Ever sit back and look at the code you have just written and marvel at its elegance? Sometimes, you are just able to break apart a problem into the right places and solve it with a beautiful piece of code that does just what it needs to do and no more. Elegant code is a goal that can be strived for, but should everything we write be considered elegant?
Elegance is a beauty that emerges when clarity and concision – two ideals that pull against each other – are rightly balanced. Mario T. Lanza, programmer, on Quora
What Is Elegant Code?
Programming has its roots in mathematics. That is why when programmers talk about elegant code, they do it in the same way that mathematicians talk about an elegant solution to the problem.
Elegant code should have three attributes: simplicity, modularity and new insight, according to Tikhan Jelvis, another programmer posting on Quora.
Simplicity means that the code simply does what it needs to do: solves the problem, and no more. It can even be thought of as using the fewest lines of code possible to provide the most concise solution to a problem that can be made.
Modularity is a function of simplicity. Problems have natural fault lines in them. Elegant code will be written inside those fault lines. Modularity implies that a problem has been broken down to as simple as it can get, and the pieces of code that are written tackle those small pieces.

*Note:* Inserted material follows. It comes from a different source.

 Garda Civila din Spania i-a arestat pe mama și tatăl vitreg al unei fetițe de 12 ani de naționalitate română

Insight is the most elusive of the three. For code to provide insight to a problem, it should see something inherent in the problem that no one has seen before. It breaks the problem down in a way that was previously unforeseen. It teaches us something about the essence of the problem and ways to use code to tackle problems of that type.

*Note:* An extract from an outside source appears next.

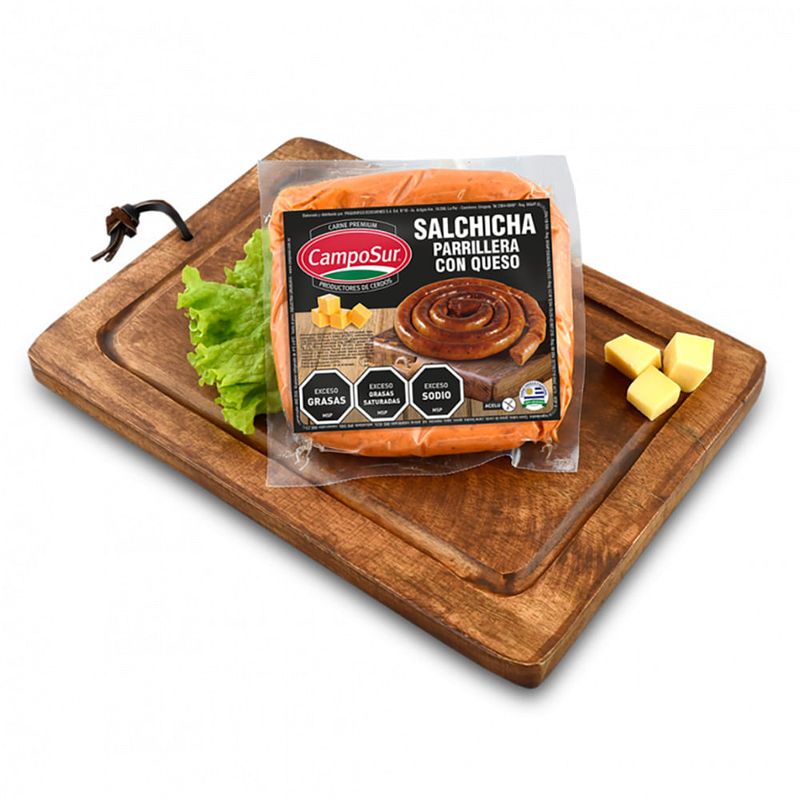 Salchicha-parrillera-con-queso-CAMPOSUR-al-vacio-x-300-g-0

Is Elegant Code Practical?
While striving to make code as elegant as possible is something that good programmers should do, does all of the code that a programmer writes need to be elegant? That really boils down to the question, does my code solve the problem?
There are plenty of inelegant ways to solve a problem. Sometimes while seeking elegance, we can brute force our way to a solution. The brute force method is faster to develop, transparent to the end user and gets the job done. At the end of the day, solving the problem is the most important part.

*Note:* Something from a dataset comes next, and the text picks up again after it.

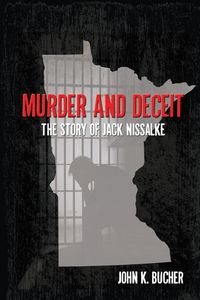 Produktbild: Murder and Deceit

Elegant code also comes at a cost. That cost is in time and money. Sometimes, the schedule of a project just won’t allow the time needed to fully develop an elegant solution. A limited budget can put a major damper on the time that you have to get to the solution, let alone refine it to an elegant one.
Unfortunately programming is often a game of compromise. To get to the solution in the allotted timeframe and budget, you must sacrifice your elegant code for functional code.